To correct these disruptions in the market, policymakers should first ensure that healthy people sign up for and maintain coverage. The ACA requires that insurers cover patients regardless of preexisting health conditions. Sicker beneficiaries cost insurance companies more money, and healthier patients balance out these costs. However, insurers have had trouble signing up enough young, healthy, and profitable adults to offset the older, sicker patients – whose high medical costs they’re legally required to cover.
As it stands, healthy people can opt in and out of insurance coverage with relative ease. A recent analysis by the Kaiser Family Foundation found that more than seven million people eligible for exchange coverage would pay less in penalties than for the least expensive insurance option available to them. One obvious solution is to strengthen the penalties for everyone, including healthy people, for not carrying insurance and require that people maintain coverage for an entire year. Or, the government can provide larger subsidies for healthy people to purchase coverage. Adding healthier patients to the risk pool would help insurers better predict the yearly cost of coverage, potentially stemming the growth in ACA marketplace premiums.
To further balance the risk pool and reduce premiums, more states should expand Medicaid. There are 20 states that opted not to receive federal funding to expand Medicaid eligibility, a maneuver that pushed lower income and generally less healthy patients into the ACA marketplace, skewing the overall risk pool to include more expensive patients. Insurance companies tend to ask for higher premiums in states where policymakers declined to expand Medicaid—marketplace premiums are about 7% lower in expansion compared to non-expansion states. There is also a significant gap in uninsured rates between states that expanded Medicaid and states that did not: numerous analyses demonstrate that Medicaid expansion states experienced large reductions in uninsured rates and that these reductions exceed those in non-expansion states. Additional estimates predict that expanding Medicaid nationwide would provide coverage to three million more people.
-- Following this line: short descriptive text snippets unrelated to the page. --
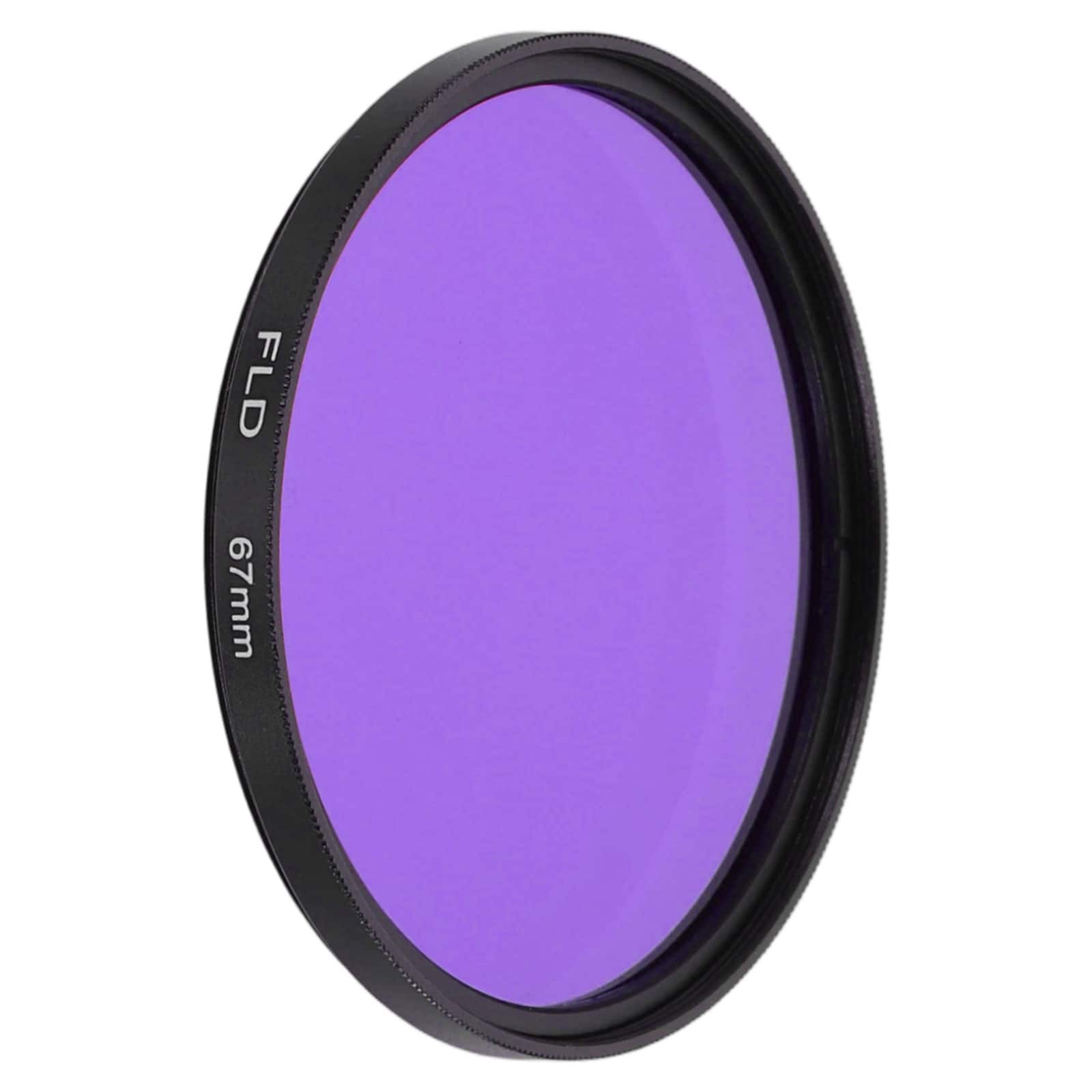 Unique Bargains - 67mm FLD Fluorescent Filter, Scratch Optical Resin Circular Screw-in Color Correcting for Photography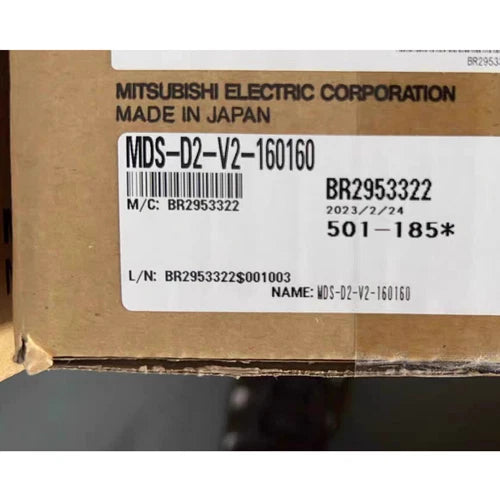 1PC  Mitsubishi MDS-D2-V2-160160 Serve Drive In Box Sealed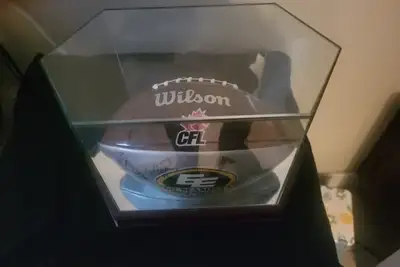 Edmonton Esks signed Football, View more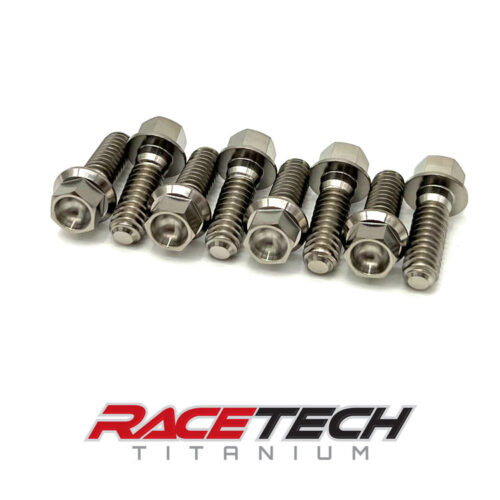 Titanium Front Wheel Center Bolt Kit for Vahlco Micro Sprint Wheels
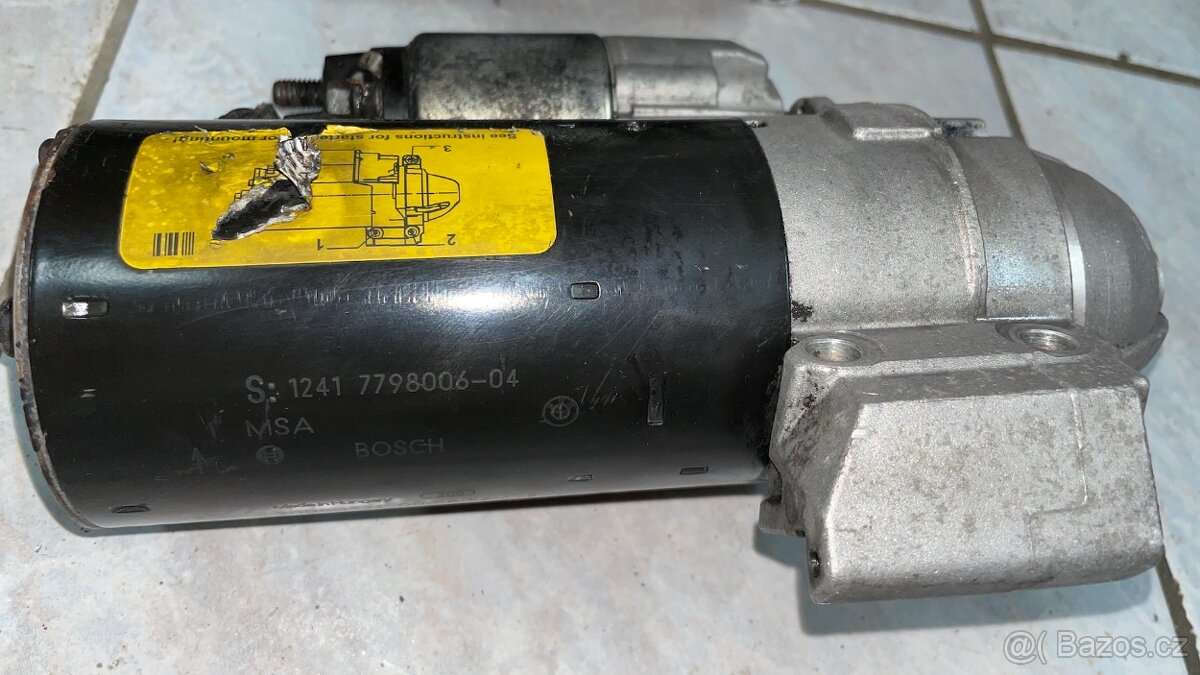 Startér BMW N47 N57 - 4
Current congressional proposals threaten to roll back the ACA’s progress. Nearly 18 million people could lose their insurance if the ACA is repealed with no replacement, according to the Congressional Budget Office. Moreover, the proposals share a set of elements that would ultimately reduce insurance premiums but increase consumers’ out-of-pocket costs by an average of $1,744 per year. The impact would be larger for older patients, ages 55 to 46, whose total costs would increase by $6,089 annually.
Rather than repealing and moving backward, a more responsible reform would at least incentivize younger, healthier people to obtain and maintain insurance coverage and guarantee coverage for lower income, less healthy patients eligible for Medicaid. Together, these two reforms alone could increase coverage, reduce premiums, and stabilize the ACA marketplace while protecting a system designed to improve the quality of care that all Americans receive, both inside and outside of the ACA marketplace.
In other words: if it ain’t broke, don’t repeal it. Fix it.